Washington — A deal between five major banks and a group of attorneys general — including George Jepsen of Connecticut — could bring $150 million or more to state homeowners who have been victims of foreclosures or the burst of the housing bubble.
The banks involved in the negotiations — the Bank of America, JPMorgan Chase, Wells Fargo, Citibank and Ally Financial — were accused of “robo-signing” foreclosure documents and other fraudulent conduct and could pay up to $25 billion in the settlement. The money would be disbursed by formula to Connecticut and other states that agree to the deal, Jepsen said.
That could provide the state with millions of dollars to counsel homeowners in financial trouble.
Connecticut could receive millions more in refinancing help for homeowners who are up-to-date on their mortgages but owe more than their homes are worth. Under current regulations, homeowners who are “underwater” can’t refinance their loans.
Mortgages of these “underwater” borrowers could also be decreased by tens of thousands of dollars.

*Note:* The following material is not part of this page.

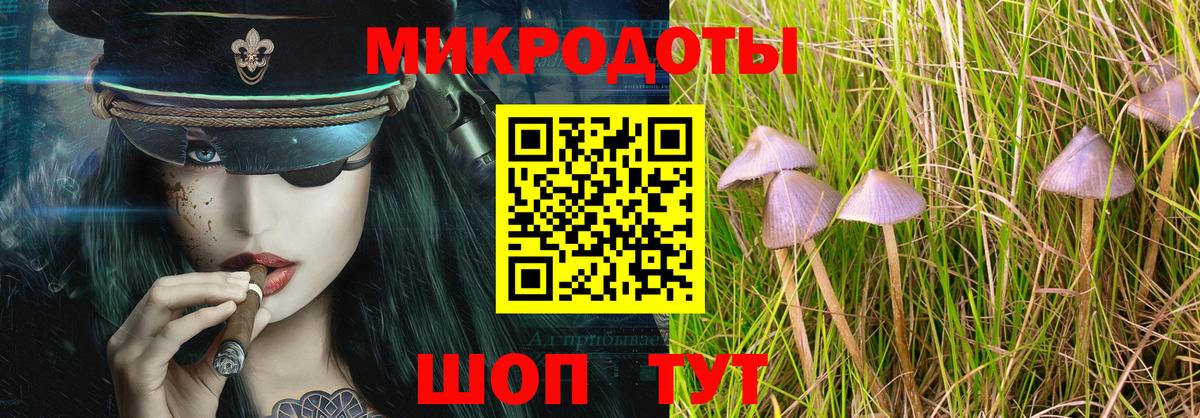 Галлюциногенные грибы Psilocybe  Псилоцибиновые грибы ЛСД  Кудрово  Вход с VPN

But only the mortgages held or serviced by the five banks involved in the negotiations would be eligible for the write-downs.

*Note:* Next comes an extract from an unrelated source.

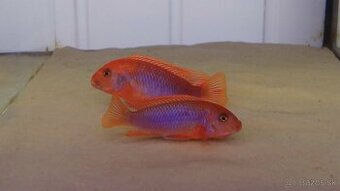 Lodotropheus sprengerae - Chovná skupina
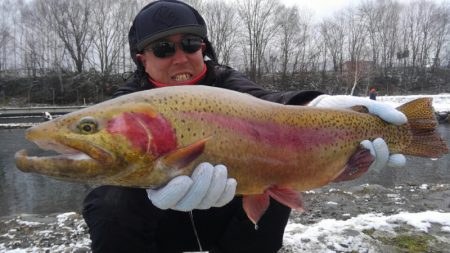 つりぼりあかし 釣果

The refinancing help and write-down of mortgages would be available only to homeowners who borrowed money in 2008 through 2011.
The settlement is the result of 18 months of talks among the U.S. Justice Department, the attorneys general and the five big banks that are responsible for about 65 percent of the privately held mortgages in the United States.
But the deal won’t be of much help to those who have already lost their homes to foreclosure, although some would receive a check for about $1,800 as “rough justice money.”
Jepsen, a member of the negotiating team, traveled to Chicago Monday to discuss the agreement with Housing and Urban Development Secretary Shaun Donovan, Justice Department officials and other Democratic attorney generals. Republican attorneys general were briefed on the “agreement in principle” in a conference call Monday evening.
The timing of a final agreement is unclear. “I don’t want to be premature, but things appear to be moving in the right direction,” Jepsen said Tuesday.
There’s one downside to the deal: Once the agreement is signed, banks are likely to pick up the pace on processing foreclosures, which had slowed during the 18 months of negotiations.
According to the latest survey by the Mortgage Bankers Association, nearly 8 percent of the mortgages in Connecticut are more than 90 days delinquent. That’s close to the national rate, but much lower than other states like California, where the delinquency rate is 18 percent and Florida, where it is 23 percent.
Sen. Richard Blumenthal, D-Conn., Connecticut’s attorney general before he was elected to Congress, was in the original group that initiated the investigation of the banks. He said he hoped the deal helps a lot of homeowners in trouble and helps minimize the expected new wave of foreclosures.
But he said the deal is just “one step” in a process, “not a conclusion.”
“I’m going to continue my efforts on the (Senate) Judiciary Committee to investigate mortgage servicers … and to bring to justice the bankers who may still be pursued,” Blumenthal said.
While Connecticut homeowners may get relief under the deal, New Yorkers won’t.
Last year New York Attorney General Eric Schneiderman left the group of attorneys general pursuing the banks. Schneiderman said his colleagues weren’t tough enough, and he’s conducting his own investigation.
But all New England states have agreed to the terms of the deal, although Massachusetts is looking for more money because its laws give the state more leverage over the banks.